### MATERIALS PROVIDED

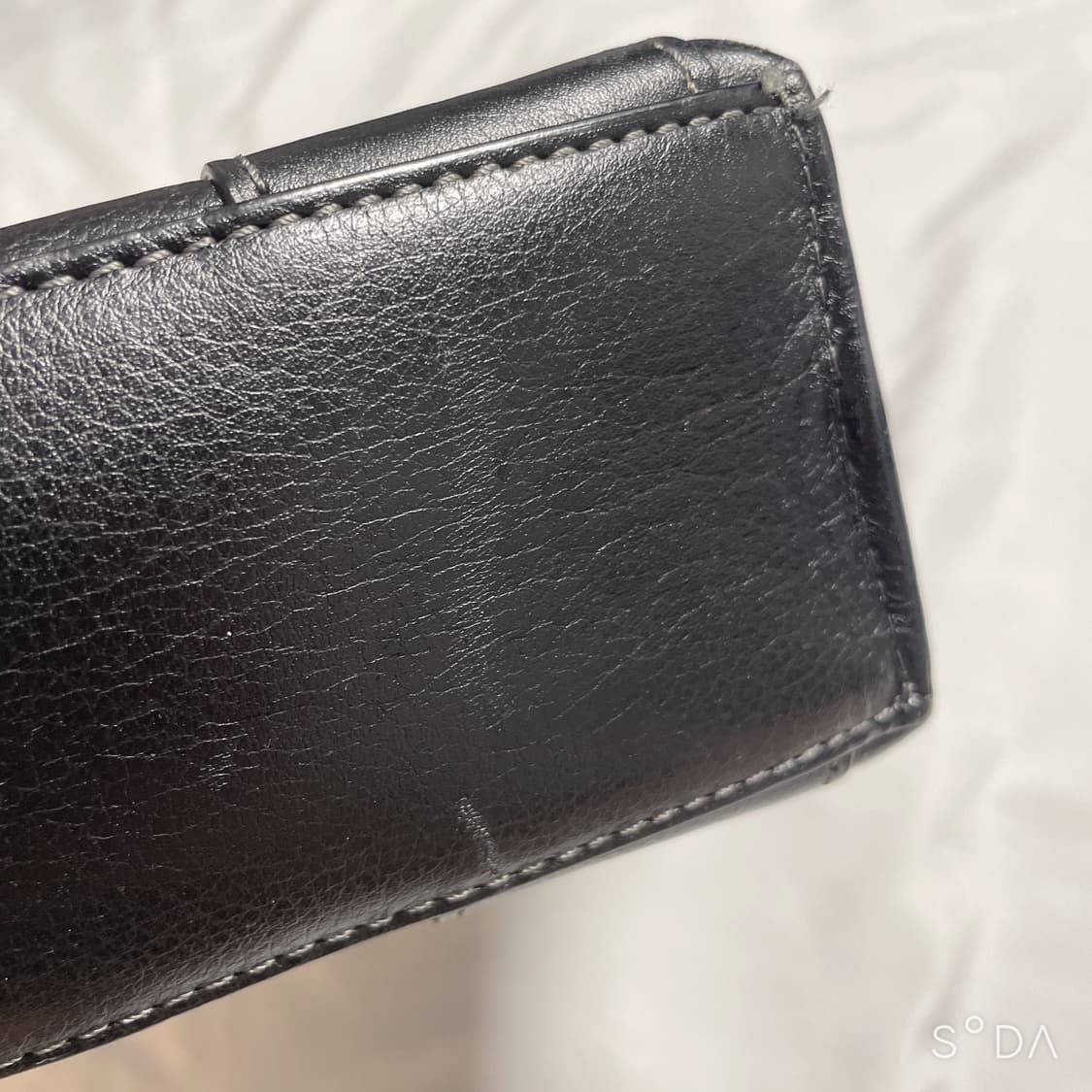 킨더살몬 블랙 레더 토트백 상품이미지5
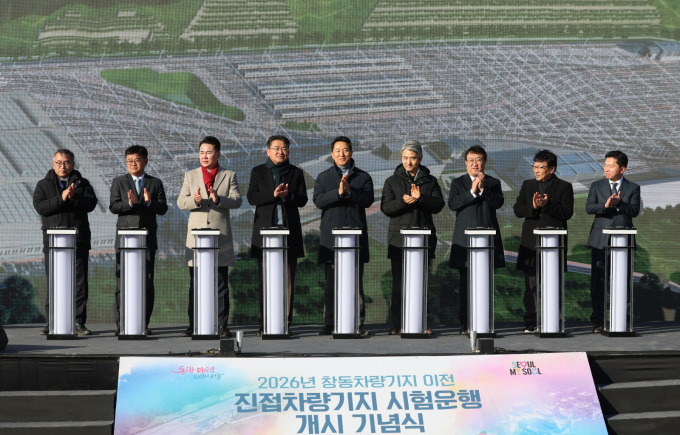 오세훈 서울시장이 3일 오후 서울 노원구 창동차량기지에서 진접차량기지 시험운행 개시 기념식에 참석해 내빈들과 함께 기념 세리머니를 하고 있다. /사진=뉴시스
==
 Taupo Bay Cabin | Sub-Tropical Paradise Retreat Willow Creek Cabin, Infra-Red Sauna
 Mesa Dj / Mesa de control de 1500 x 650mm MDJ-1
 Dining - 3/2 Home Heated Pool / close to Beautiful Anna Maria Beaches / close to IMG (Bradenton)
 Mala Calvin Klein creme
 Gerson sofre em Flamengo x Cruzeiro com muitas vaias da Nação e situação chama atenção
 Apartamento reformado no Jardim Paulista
==
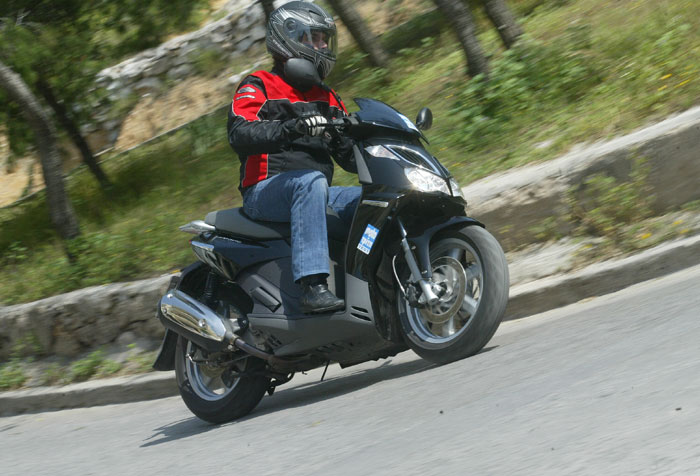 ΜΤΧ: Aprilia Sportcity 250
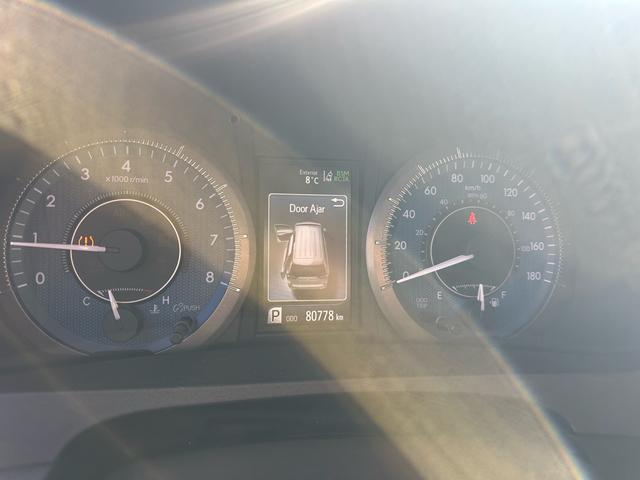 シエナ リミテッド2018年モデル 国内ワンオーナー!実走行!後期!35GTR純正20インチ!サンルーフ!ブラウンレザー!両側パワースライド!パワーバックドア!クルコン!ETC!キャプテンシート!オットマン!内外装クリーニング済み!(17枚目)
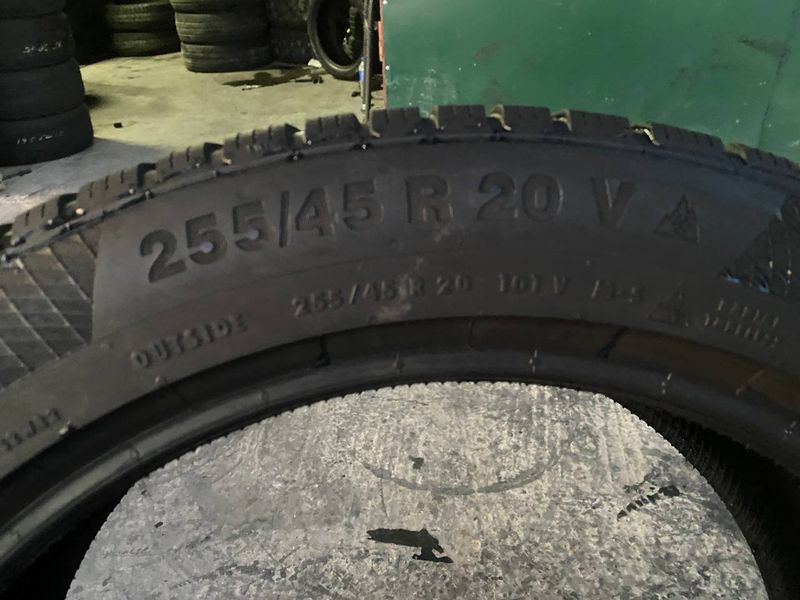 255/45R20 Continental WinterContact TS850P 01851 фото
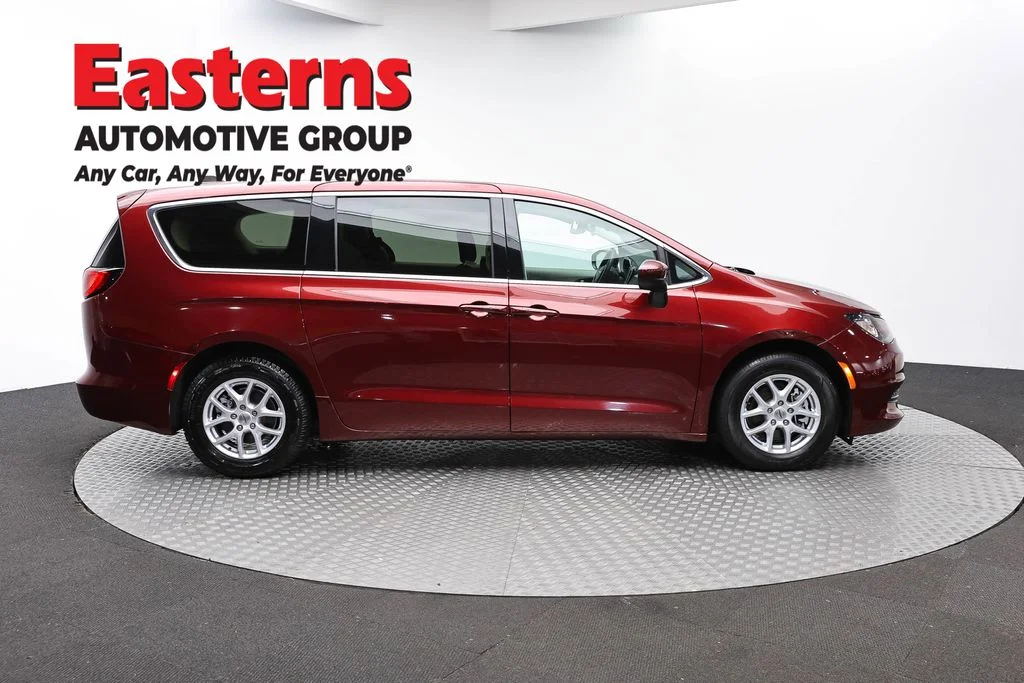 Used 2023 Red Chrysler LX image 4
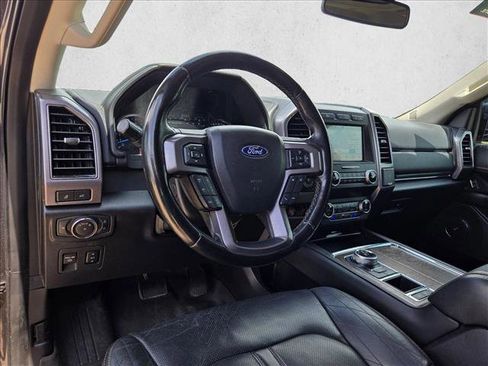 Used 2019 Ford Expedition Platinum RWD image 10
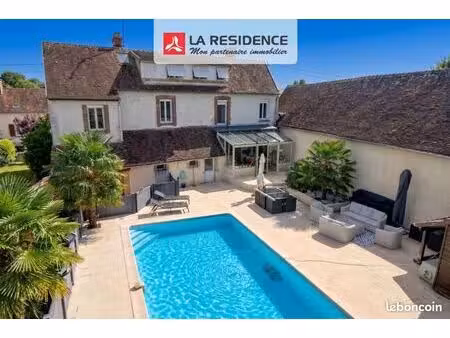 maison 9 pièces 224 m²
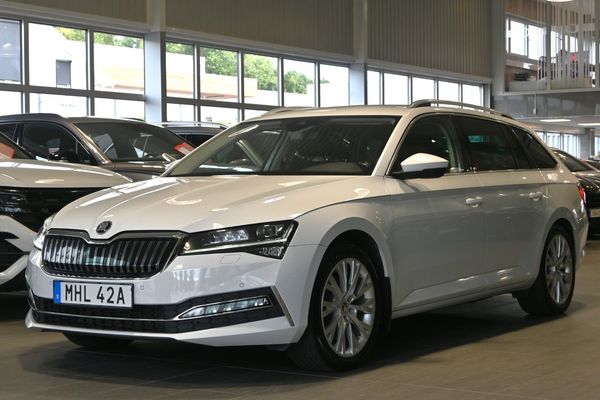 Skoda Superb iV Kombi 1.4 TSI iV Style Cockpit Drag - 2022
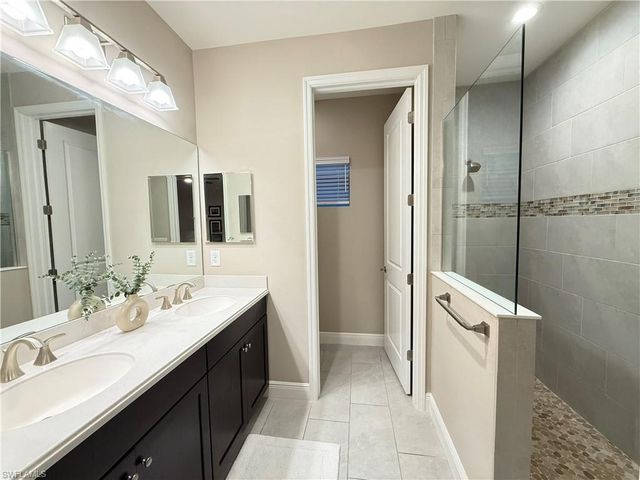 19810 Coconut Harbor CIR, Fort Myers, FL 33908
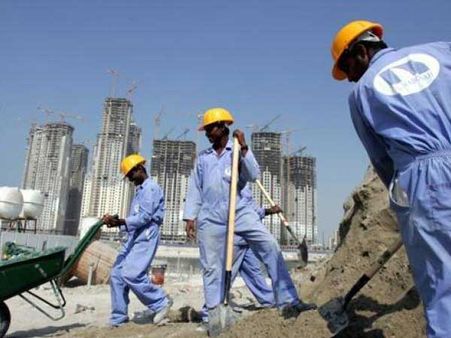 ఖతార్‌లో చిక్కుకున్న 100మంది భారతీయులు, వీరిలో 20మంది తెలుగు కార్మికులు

### TASK DIRECTIONS
Could you output exactly the lines above, from the line with "Used 2023 Red Chrysler LX image 4" up to and including the line with "ఖతార్‌లో చిక్కుకున్న 100మంది", and nothing else, skipping the pictures?

### EXERCISE OUTPUT
 Used 2023 Red Chrysler LX image 4
 Used 2019 Ford Expedition Platinum RWD image 10
 maison 9 pièces 224 m²
 Skoda Superb iV Kombi 1.4 TSI iV Style Cockpit Drag - 2022
 19810 Coconut Harbor CIR, Fort Myers, FL 33908
 ఖతార్‌లో చిక్కుకున్న 100మంది భారతీయులు, వీరిలో 20మంది తెలుగు కార్మికులు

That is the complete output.